Ничего подобного не случилось. Пиа быстро вышла, на ней был купальный халат, волосы распущены. Халат плотно облегал ее фигурку. Все также бессознательно я отнес это наблюдение не к себе, а к кому-то другому, постороннему, кому захотелось бы дотронуться до нее. Мне же доставляло радость, что она хорошо выглядит – дополнительная возможность понравиться, не остаться одинокой. Я проводил ее до лестницы, и она побежала наверх, в свою комнату на втором этаже.
(Только тогда до моего сознания дошел шум журчащей воды, только через минуту после того, как я его услышал, когда краны уже были закручены. Наконец-то я был чистым и невинным, хоть бы только в это мгновение; все было отмыто, все, кроме истинной заботы о Пиа. Наконец я приблизился к одному из предполагаемых состояний Питера – приблизился, но не более того, моя душа все еще была сжата. Я даже не испытывал ненависти к Альме, как двадцать минут назад; она была лишь поводом, причиной, не столь уж значительной, чтобы скрыть от моих глаз подлинного виновника – проникшее даже сюда несовершенство; жажда садизма – этой выродившейся формы регулированного хищничества в природе.)
Через каких-нибудь пятнадцать минут я уже стоял на улице, рядом с «фольксвагеном», и Пиа покрывала мое лицо поцелуями… «Спасибо, что провожаешь меня, мне так жаль, очень хотелось бы взять тебя с собой… «В «фольксвагене» действительно было тесно, да и пятичасовое путешествие измотало бы меня вконец.
Уехала, вот наконец и уехала.
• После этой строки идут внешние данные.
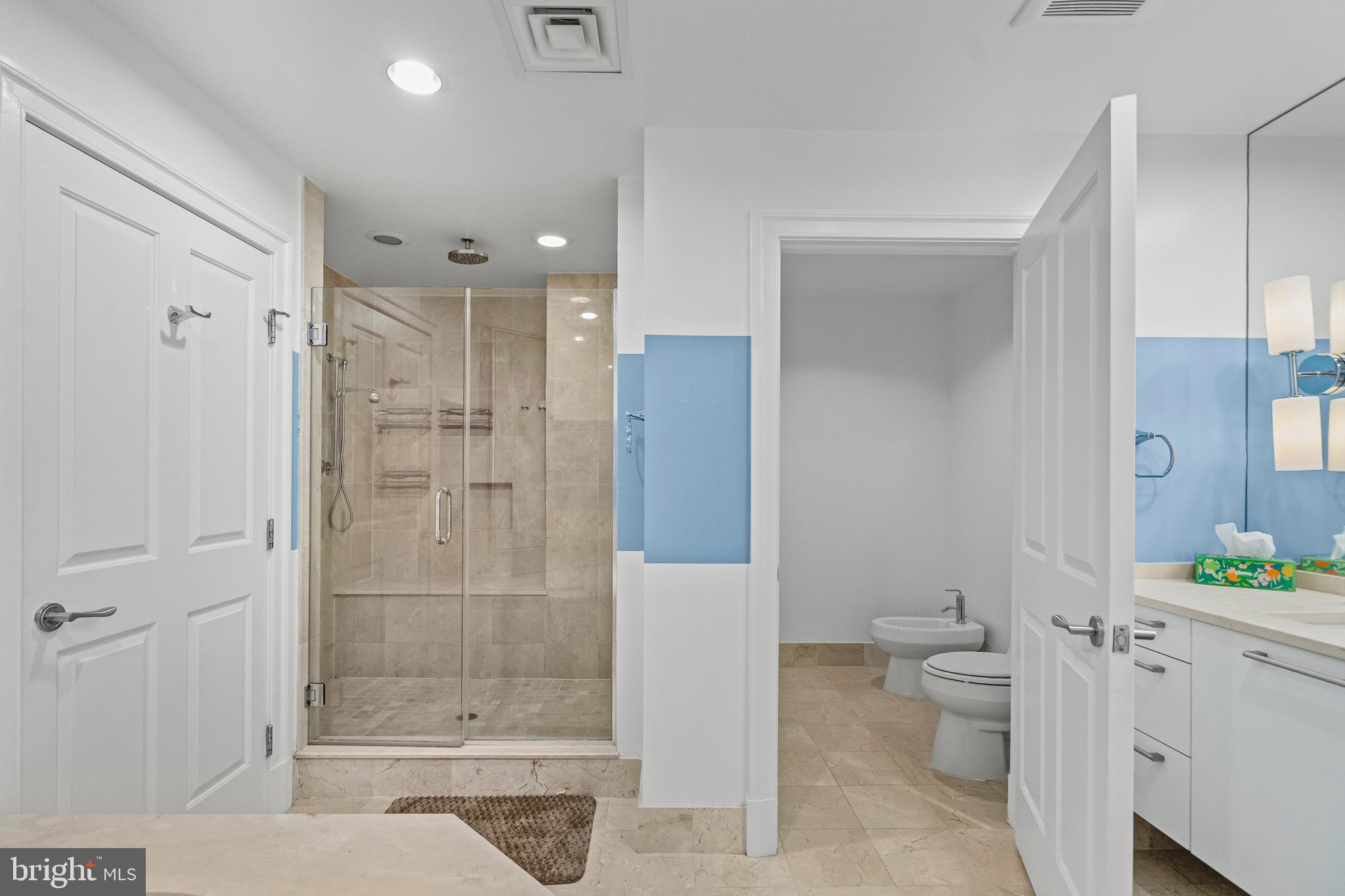 801 Key Highway, Unit 345 Baltimore, MD 21230 - Photo 26 of 57 a bathroom with a shower toilet and sink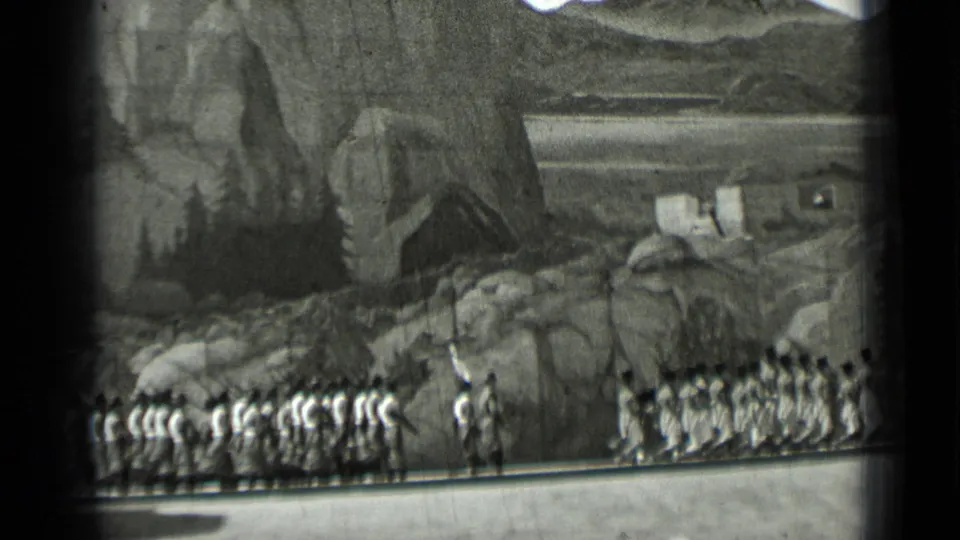 1937 San Francisco home-movie frame showing uniformed marchers passing a rocky scenic backdrop, seen from a distant spectator viewpoint.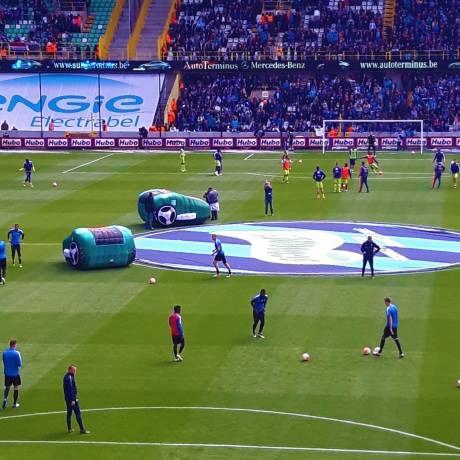 Innovative concepts We design your ideas mobile inflatable Bosch lawnmower robot cutting the soccer grass field at Club Brugge X-Treme Creations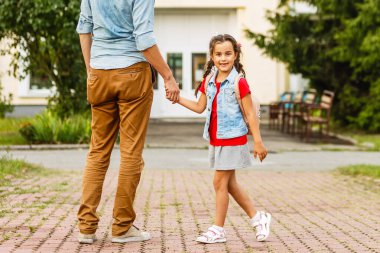 Okuldaki ilk günüm. Babam ilkokulda küçük bir kızı yönetiyor.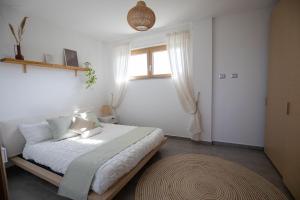 sypialnia z łóżkiem z białą pościelą i oknem w obiekcie Sundinia Home, Vista sul Mare w mieście Porto Torres
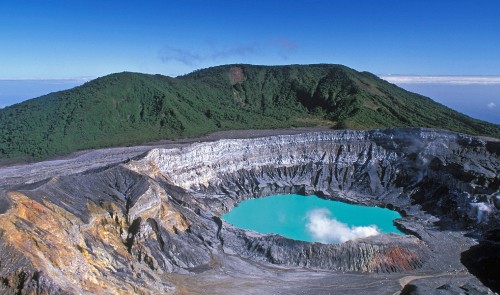 Image body of water between mountain under blue sky during daytime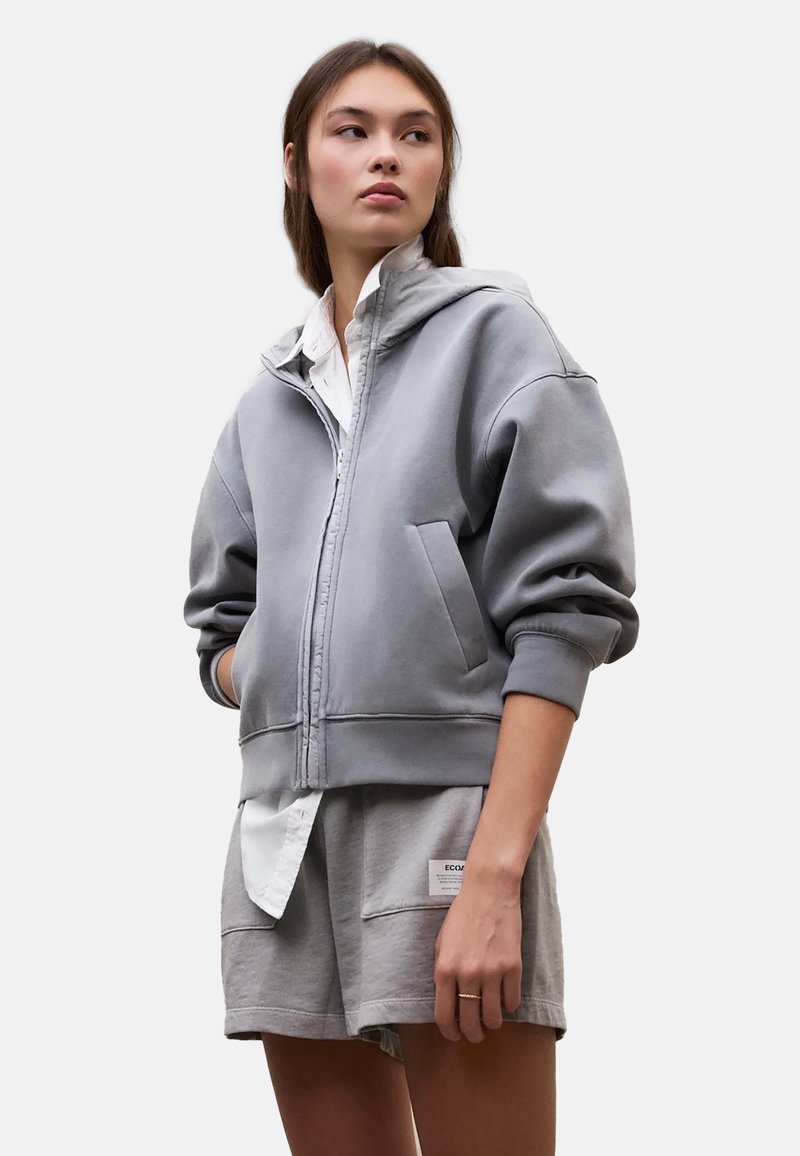 Jonge vrouw draagt een grijze hoodie met rits over een wit shirt en bijpassende grijze korte broek, staand met handen in de zakken en opzij kijkend.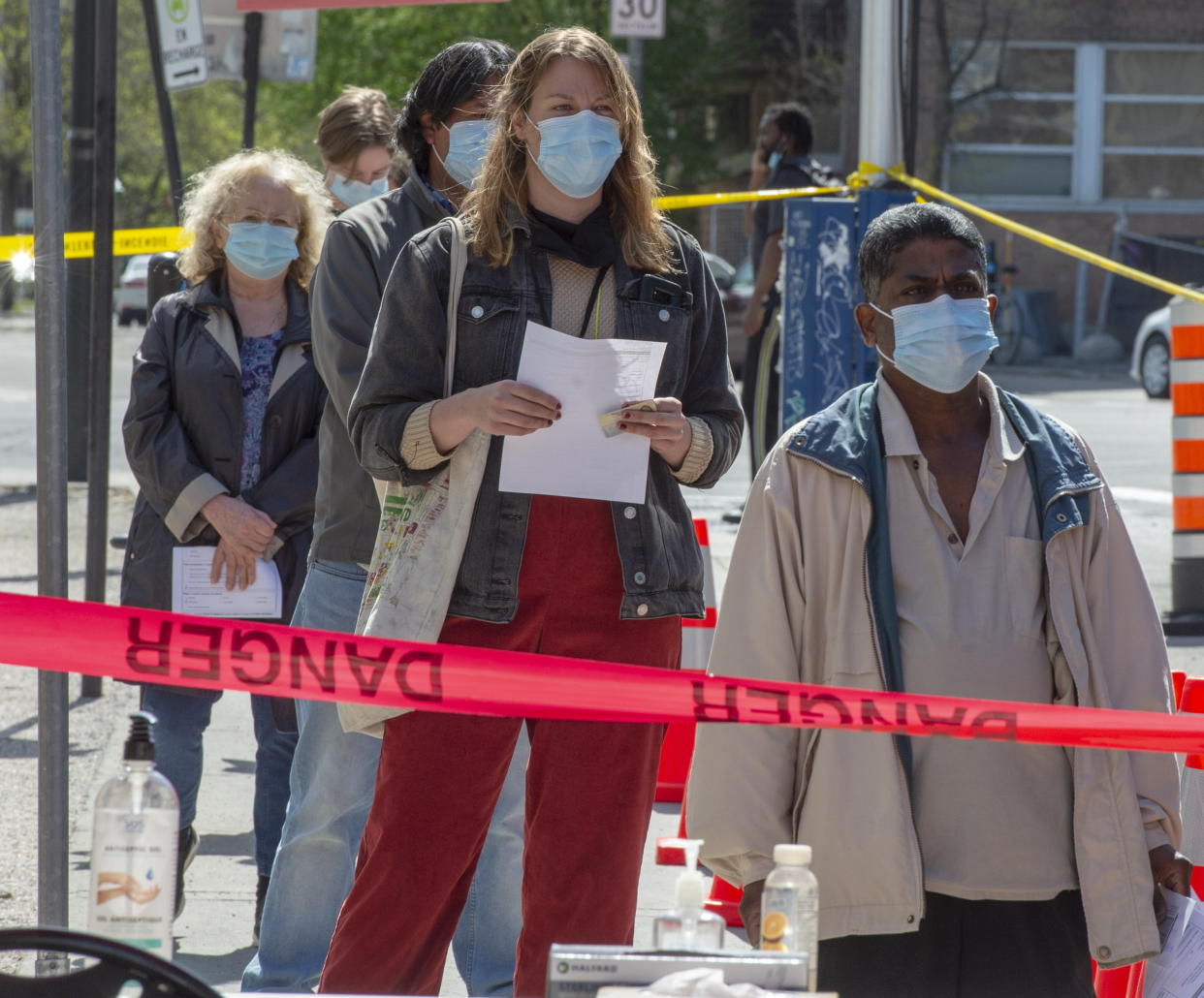 People line up at a mobile COVID-19 testing clinic, Tuesday, May 19, 2020 in Montreal. (Ryan Remiorz/The Canadian Press via AP)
Спустя некоторое время остальных обитателей «Брандала» отвезли на автомобилях Альмы и еще трех больных в городской парк Седертелле. Я не поддался на их просьбы поехать с ними, а почему, и сам до сих пор не знаю.
Волнения в связи с отъездом Пиа не прошли даром: я растянулся на кровати и почти сразу заснул. Разбудил меня стук в дверь – Зигмунд. Вернулся из Седертелле и предлагает прогуляться вдоль домиков с крохотными причалами. Говорит, что переживал за меня, в точности, как я – за Пиа. Он тоже проникся духом «Брандала». (В городском парке люди пели и танцевали, а он интересовался, не скучно ли мне одному, не чувствую ли себя одиноким.) Я поблагодарил его и, поскольку лег одетым, мы почти сразу вышли. Дорога терялась где-то вдали, окутанная сумерками.
– Для шведов праздник кончился, – сказал Зигмунд. – По крайней мере, для горожан. А славяне празднуют дома и вечером, даже ночью.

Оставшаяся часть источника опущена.